The analysis focuses on using the data for computing the expected "homewin" probability and then also computes some probabilities of observing inentical rows in the amount of rows found in the data.
rivit <- read.csv2("Tilastot.csv", stringsAsFactors = FALSE)
nrow(rivit)
## [1] 2284
table(do.call(c,rivit))
##
## 1 2 X
## 13464 8310 7918
Cumulative proportions of 1, X and 2 outcomes
source("outcome_proportions.R")
According to the data, the proportion of hometeam wins ("1") is 0.45 and the proportions of draws and losses are almost identical.
Here we compute the expected frequencies of rows with 0, 1, ..., 13 homewins and then compare to the observed frequencies.
Expected homewins assumption: the probability of a homewin is 0.45 for each match.
source("homewins.R")
## expected observed
## 0 1 2
## 1 10 10
## 2 50 47
## 3 151 142
## 4 308 330
## 5 454 427
## 6 495 484
## 7 405 411
## 8 249 252
## 9 113 125
## 10 37 39
## 11 8 13
## 12 1 2
## 13 0 0
The data included three of the same rows, which should be somewhat unlikely because there are
3^13
## [1] 1594323
unique possible rows.
The probability of observing three or more identical rows during the years observed in the data was therefore simulated.
A naive approach would be to assume that each possible row is observed with identical probability.

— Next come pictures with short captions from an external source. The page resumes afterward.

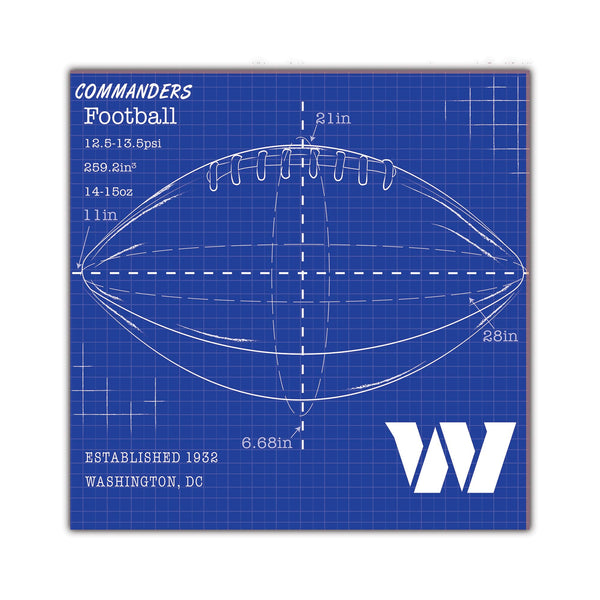 Wholesale NFL2108-Ball Blueprint 10x10 / N2108-Washington Commanders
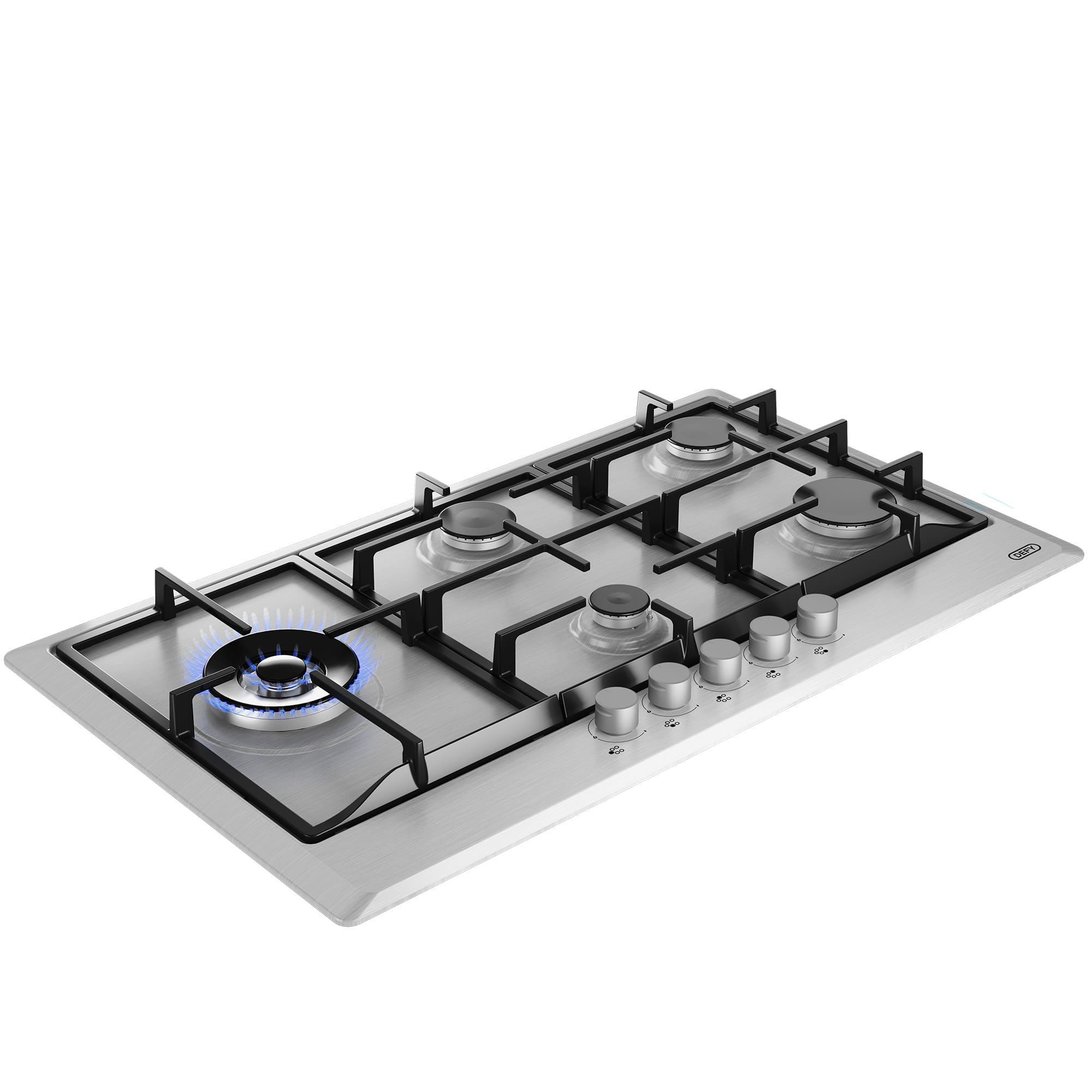 Defy DHG129 90cm Gemini Gas Hob with Wok Stainless Steel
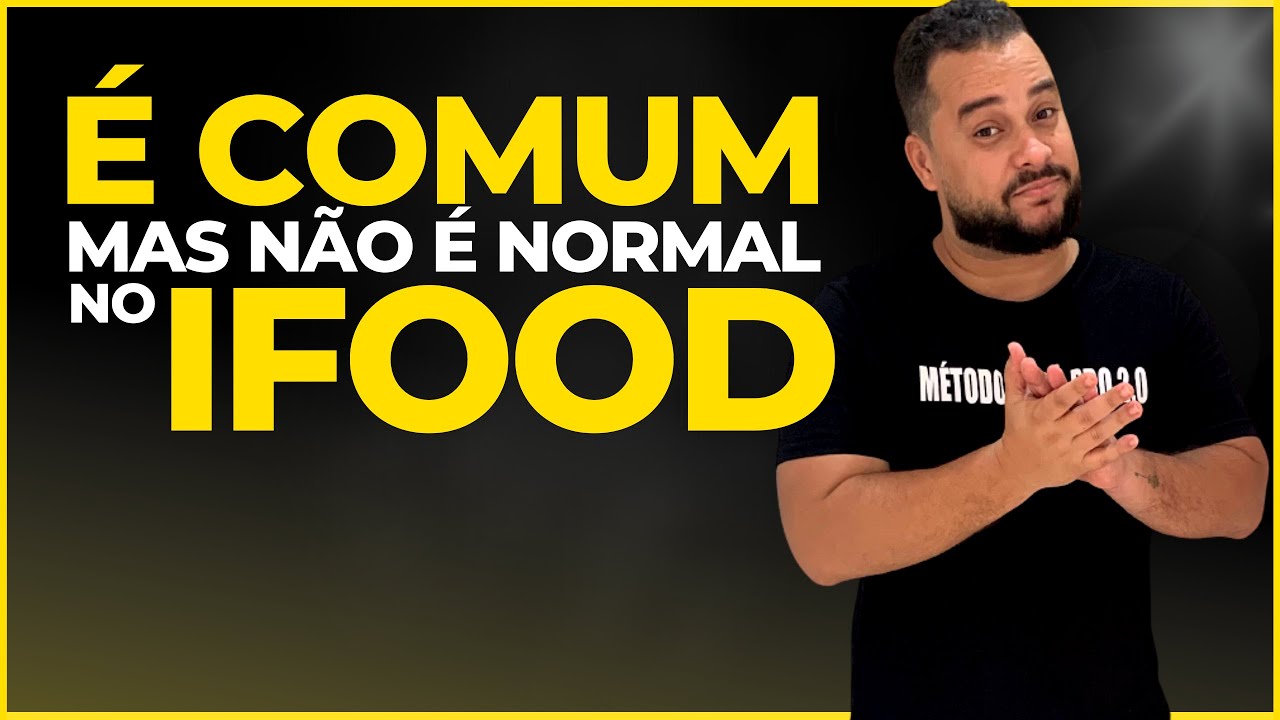 É NORMAL NÃO VENDER NO IFOOD NOS PRIMEIROS DIAS ?!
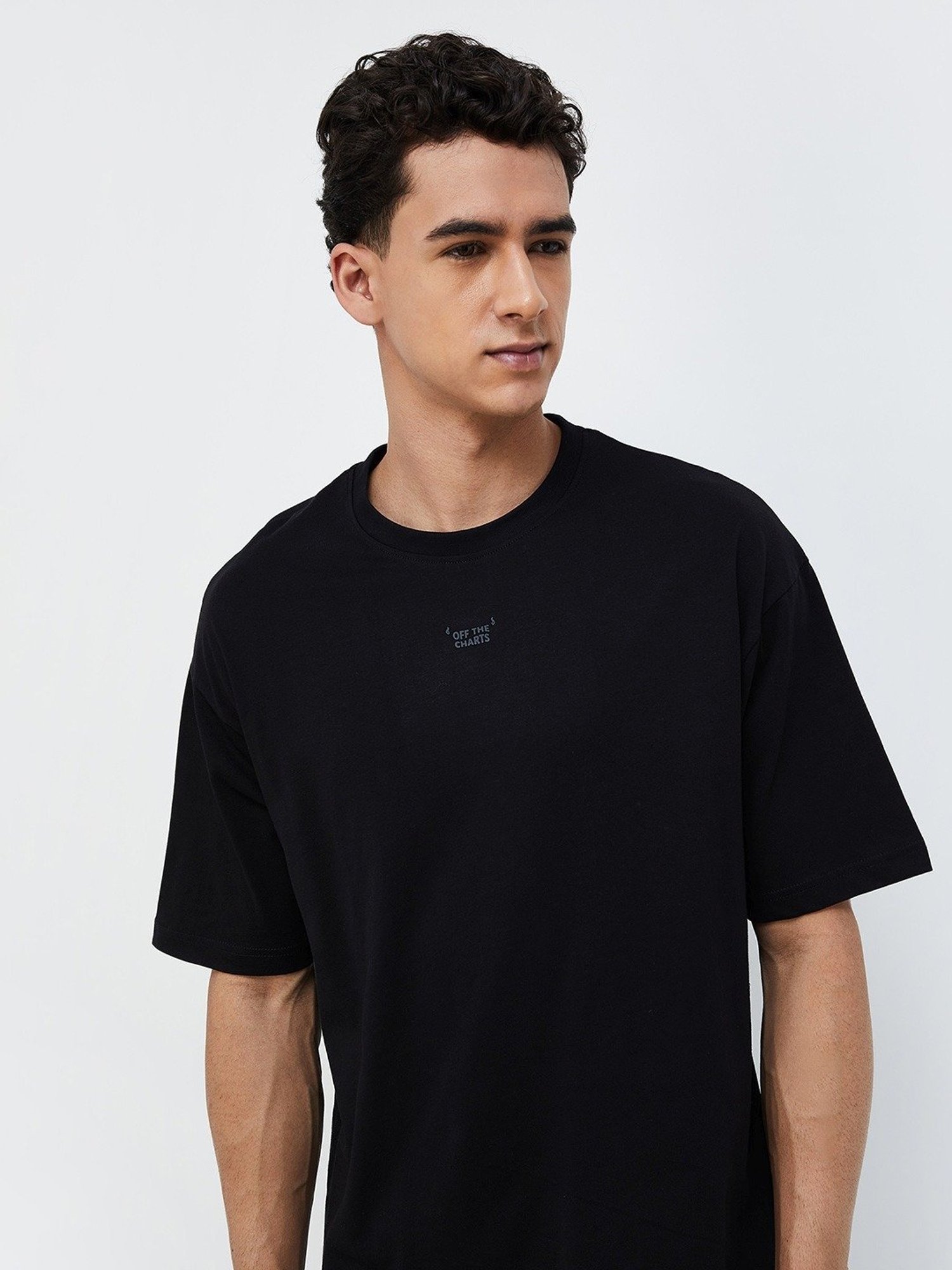 Forca Black Cotton Regular Fit T-Shirt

Then, the probability would be:
source("p_morethan2identical_naive.R")
## [1] 5e-04
However we know that a homewin is more probable than the other outcomes and therefore the distribution of rows is biased towards rows with homewins. In this second simulation, we take this into account and we get a significantly higher probability:
source("p_morethan2identical.R")